But how will language performance evolve as the nature of the hardware our programs run on evolves? IMHO this is not an easy question to answer right now.
C compilers don’t produce 100% optimal assembly language in all cases, but typically the assumptions they make are light. The executable code they output is somewhat predictable and often close enough to hand-optimised assembly in efficiency that we ignore the difference. But this whole approach to programming was originally designed for single-threaded execution on a CPU with a chunk of RAM for storage.
What happens if we never find a way to get a single core to run much faster but processors come with ever more cores and introduce other new features for parallel execution? What happens if we evolve towards ever more distributed systems, but farming out big jobs to a set of specialised components in the cloud at a much lower level than we do today? What happens if systems start coming with other kinds of memory that have different characteristics to RAM as standard, from content-addressable memory we already have today to who-knows-what as quantum technology evolves?

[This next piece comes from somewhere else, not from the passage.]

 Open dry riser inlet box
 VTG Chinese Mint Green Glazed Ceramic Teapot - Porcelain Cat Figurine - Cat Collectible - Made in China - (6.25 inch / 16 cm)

If we change the rules then maybe a different style of programming will end up being more efficient. It’s true that today’s functional programming languages that control mutation and other side effects usually don’t compile down to machine code as efficiently as a well-written C program can. The heavier runtimes to manage responsibilities like garbage collection and the reliance on purely functional data structures that we don’t yet know how to convert to efficient imperative code under the hood are bottlenecks. But on the other hand, those languages can make much stronger assumptions than a lower-level language like C in other ways, and maybe those assumptions will allow compilers to safely allocate different behaviour to new hardware in ways that weren’t possible before, and maybe dividing a big job into 500 quantum foobar jobs that each run half as fast as a single-threaded foobaz job still ends up doing the job 200x faster overall.